The cultural programme around last year’s Glasgow Commonwealth Games provided her with an opportunity to look further into that family history.
"They were looking for things that had to doe with sport or were connected to the Commonwealth and obviously India is part of the Commonwealth," she pointed out.
"It’s quite difficult to get work by Asian or Indian artists on such a platform and they were really excited about that."
Sadly, very little of her grandfather’s work survive following a fire at the family home.
Part of a Christian community that dates back to the time of the apostle Thomas, John was a teacher with a passion for poetry. He edited an anthology of the leading poets of the day in Sahrudayopaharam, an anthology of Malayalam poetry, which included one poem by himself.

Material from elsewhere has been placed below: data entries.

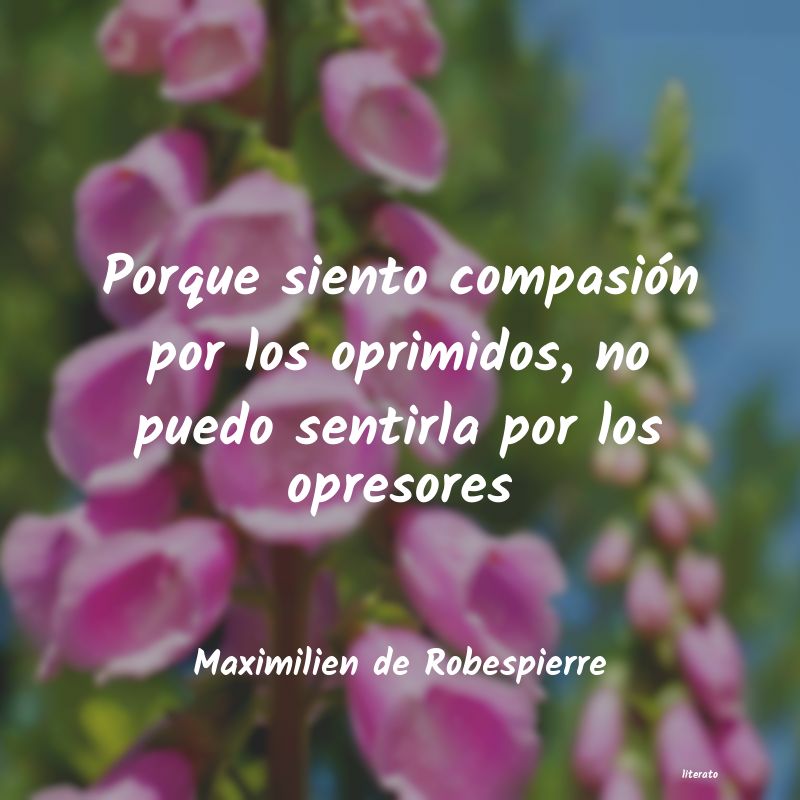 frases de Maximilien de Robespierre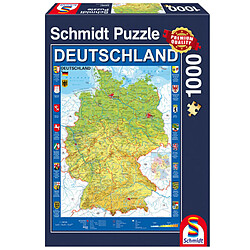 Schmidt Puzzle 1000 pièces : Cartes de l'Allemagne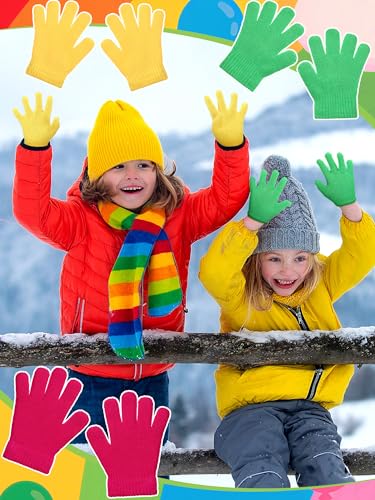 Image of EBOOT 3 Pairs Winter Kids Gloves Warm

The anthology became a school text book and George’s mother, John’s daughter-in-law, remembers reading it herself as a school pupil.
John himself later left teaching to study theology at university 2500 miles away from the rest of the family in the north of India, returning only for a couple of months each year. While he was studying, he became ill and, following a misdiagnosis of malaria, died at the age of 40.
Most of George’s knowledge of him came from her grandmother, who died in 2002 at the age of 90, and in her one-woman play The Bridge, George uses the voice of her grandmother, her parents and her grandfather to tell a story that spans two continents.
George was born in Kerala and moved to Britain at the age of four, but her daughters are more Scottish than Indian, she says, so the play will bring to life a part of their family history and connections they knew little of before.
"It was important to me that they know about this story," George added.
"I’ve collected all this information and I can give it to my cousins and they can give it to their children, so there is that whole element of genealogy. A lot of people came out of the shows saying that it reminded them of Who Do You Think You Are?, the BBC programme, and everyone is really fascinated by that."
The play also tells the story of George’s own parents, who were a love match rather than the more typical arranged marriage, and of their decision to move to Britain.
"Working on this play has been a really powerful experience for me. As you get older I think things like that matter more to you," she said.
"Telling my grandfather’s story is a form of immortality. He died 70 years ago this year, yet in a way he is still alive because I have brought his words back."
• The Bridge, written and performed by Annie George, is at the OneTouch Theatre, Eden Court, at 7.30pm on Thursday 15th October.